The next generation
Making a living here is not for the weak in body and spirit, speed and efficiency count for all and under this unforgiving humid sun. For most long hours and minimum wage with the boss on your back six days a week with just Sunday to catch your breath is the cruel reality. No streets paved with gold and no dreams.
The kids don’t fare much better, they have it hard too. The next generation is extremely important to all Chinese. Their kids are their raison d’etre and their education is a priority, second only to their physical well being.
It is great parents care so much about their kids, far better than neglect or abuse. The one child policy doesn’t extend to Hong Kong as it is a Special Administrative Area; Mainland China has got round the problem by explaining it is ‘One country but two systems’. I’m happy to confirm the golden goose is very much alive and kicking. But the Hong Kongers self regulate because they can barely afford the one child and in this modern age girls are just as precious as boys.
So they focus all their love and attention and expections on the only child. They hope and pray their kid will have a better life, not have to slave away in a soul destroying dead end job. And the only way is through education, education, education. Hence tuition centres are doing a thriving business and can be found in all crooks and crannies, even ten in a row in a shopping centre.
I do feel for the tremendous pressure to achieve and get top marks put on these kids from a very young age. Straight after a day’s school it’s off to the tuition centre for a couple of hours then back home with another few hours of homework to look forward to. Time just for dinner and a shower, bed and the same gruelling routine when you wake.
I do really feel for those who are not academic and will never get those A’s and be Number One in class ever, no matter how much tuition is rammed down their throat. Not all of us can be Einstein, Stephen Hawking or Fry.
All kids want to please their parents and they know how hard they work to pay for this extra education to give them a headstart. They know it is for their own good and the last thing they want is to let their mum and dad down. The last thing they want is to disappoint, so they try their best without a word of complaint and suffer shame and devastation when their average results come out.
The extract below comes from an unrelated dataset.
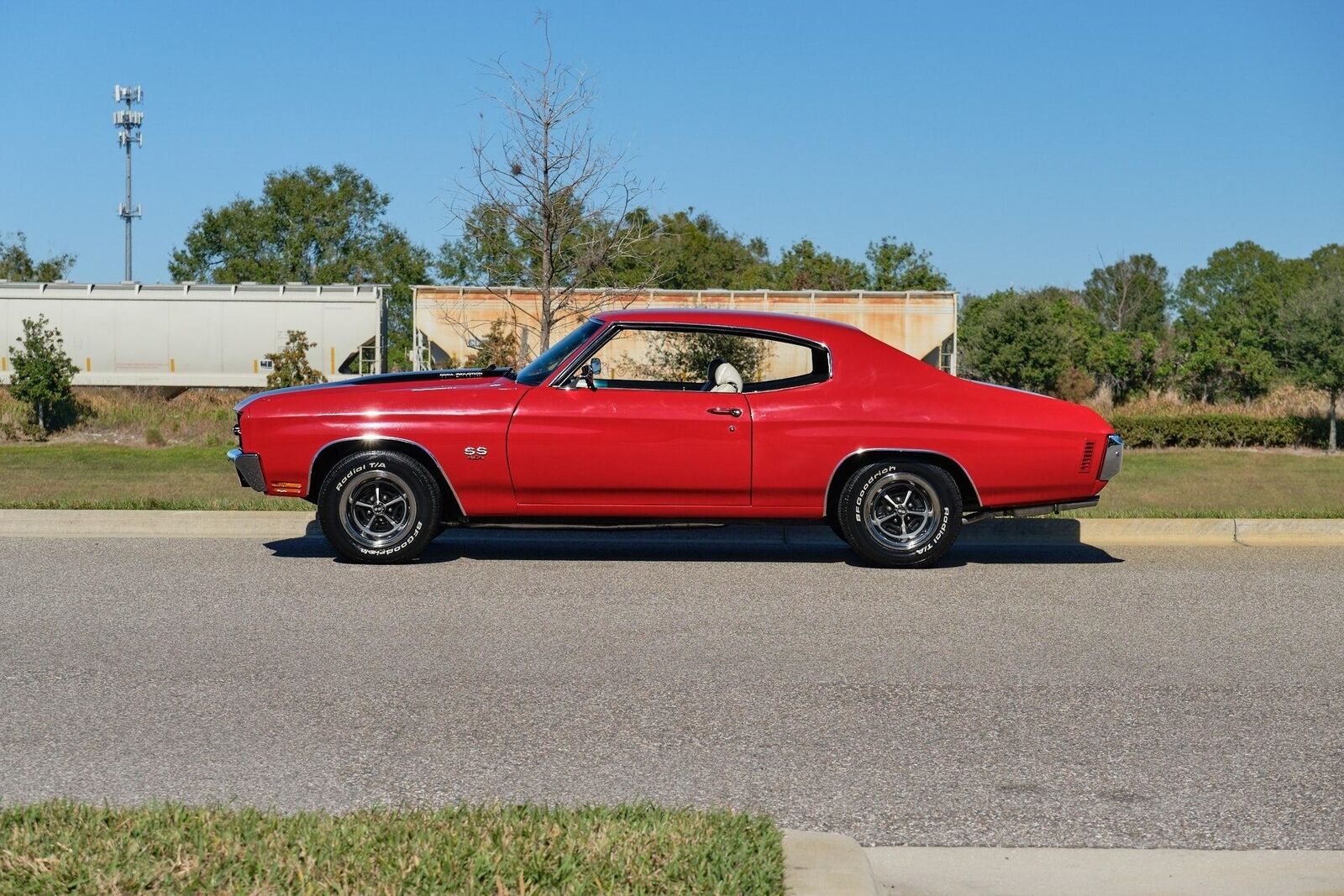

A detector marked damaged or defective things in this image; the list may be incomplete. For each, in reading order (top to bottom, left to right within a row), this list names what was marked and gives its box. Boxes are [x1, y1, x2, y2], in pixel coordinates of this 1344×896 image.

rusty warehouse wall [415, 284, 961, 371]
In the three months I’ve been here, one thing cries out to me, kids don’t get to play much if ever here. Just as grown ups have no time to chill so the next generation doesn’t have the luxury to just play with no hidden agenda. I tried to convince this dad of the value of play, how kids learn more when they are relaxed and having fun. He looked at me like I had just escaped from the mental hospital or an alien.
He told me he didn’t want to put so much pressure on them but the competition is stiff and furious. If you don’t keep up you’ll be left behind. True but I wonder what psychological damage is being done to the future generation; in a class of thirty or forty there can only be one Number One. There are cases of kids as young as nine committing suicide as the final way out. Instead of a highflier you end up with a dead kid.
Recently I read the news of a teenager who was arrested for murdering his father and older sister because they were putting too much pressure on him to study hard and do well! Either allow the pressure cooker to let off steam now and again or run the risk of it exploding in your face.
The same dad wanted me to meet his kids and assess their competence in English. He warned me not to have too high an expectation especially from his daughter and complained she wasn’t at all motivated. Well it turns out her command was excellent for a ten year old who doesn’t hear English around her and never uses it outside of lessons. Not only could she understand most of what I was saying but respond. Occasionally she would speak in Chinese if she didn’t know how to say it in English but that is ok. She read a passage from one of the textbooks she would use for next year and could instantly translate it bar a couple of words. I pretended I needed her help in deciding which outlying island to take my daughter and she told me the advantages of each and even went to get a map to show me where they were. Now if that is not motivation then I don’t know what is.
When I told dad the good news, you’ll think he’d be overjoyed. Nope, not a chance. He just smiled and said ah but her classmates’ English are far better! Not only do I think his expectations of his offsprings are unrealistic but also of me, the potential tutor.
We may end up with a lot of nerds and smartypants but without imagination or creativity. They’ll certainly work hard but not play hard. Too high a price to pay for speed and efficiency?